L'emprise dans toute sa noirceur.
Psychologique, dans une langue sans distance, « La prise du diable » est l'empreinte même d'une relation toxique entre un homme et une femme. Une lutte quotidienne, sournoise et risquée.
Un roman au scalpel, subtil et d'une lucidité indépassable.
Un page-turner frénétique et envoûtant.
Fascinant, habile, c'est le tissage véritable des dominations.
Une jeune femme scandinave, lunaire, lasse de l'atmosphère glacée et du décorum figé de son bureau, où elle travaille, décide sur un coup de tête de démissionner.
Traductrice de formation, dans un pays nordique où les rais de lumière ne s'infiltrent que trop peu. Elle prend alors un billet aller simple, en direction de Florence la sensuelle, en Italie.
L'opposée, « une ville du deuxième chakra, celui du bas-ventre. »
Elle ressent l'apaisement d'une destination dont elle pense maîtriser les codes. Assoiffée de désir et d'aventure. Sauf que.

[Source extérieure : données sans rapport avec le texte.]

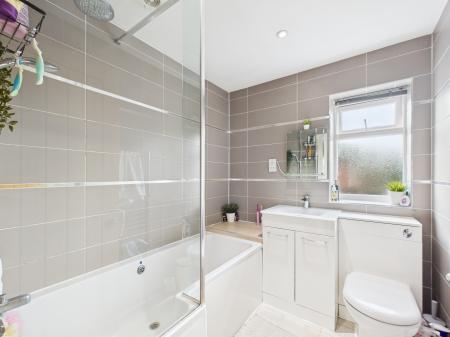 4 bedroom Detached house for sale in Bramley Road, Pamber End, RG26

Elle va rencontrer un homme quelque peu négligé. Sale, les cheveux longs, indésirable, une proie parfaite. Elle va subrepticement bâtir un plan. Se glisser chez lui, lui refaire une garde-robe et surtout passer son temps à ne rien faire, ne plus travailler, vivre sur ses réserves financières. Elle ressent l'exigence de son insertion. Prouver sa nouvelle présence au monde. Soumettre le Propre-sur-Lui, à ses volontés secrètes. Névrosée, elle est le balancier entre la chaleur et le froid d'avant. Tomber amoureuse de cet homme. Elle tire l'as de pique, prise à son propre piège. Elle ne le sait pas, pas encore. le Propre-sur-Lui va inverser les rôles insidieusement. « la prise se resserre encore un peu, il a la main un peu plus dure sur elle, mais reste à peu près correct : - Ne me dis pas ce que je dois faire ou non. Tu n'as aucun pouvoir sur moi. Tout ce que tu as besoin de savoir, c'est que tu dois t'en remettre à moi. »
Les fondations tremblent. Les draps sont trempés de méprise et de doute. Surnommée Minnie, elle devient, « une pouffiasse patentée, une pure dingue délirante du Nord. Minnie qui espère que Mickey la croit mourante, qui veut que Mickey s'occupe d'elle. »
D'une fureur destructrice, le mental de le Propre-sur-Lui devient et vite la prise du diable.
Le récit est une porte qui grince. La démonstration minutieuse des carcans d'oppressions. Elle se soumet : elle l'aime. Dans cette autorité virile, la domination prégnante et l'influence sur elle, qui ne quête que le désir, l'attrait et le regard, elle devient un feu orange clignotant, le langage du corps qui se retourne à contre-sens. le huis-clos est une cage qui vrille. le summum d'une violence sourde. le Propre-sur-Lui, est puissant, misogyne, une bombe à retardement. On ressent un étau qui enserre cette jeune femme. Faible, soumise, elle ne veut encore que le bonheur de ce monstre glaçant, machiavélique. Un bourreau pervers et sadique.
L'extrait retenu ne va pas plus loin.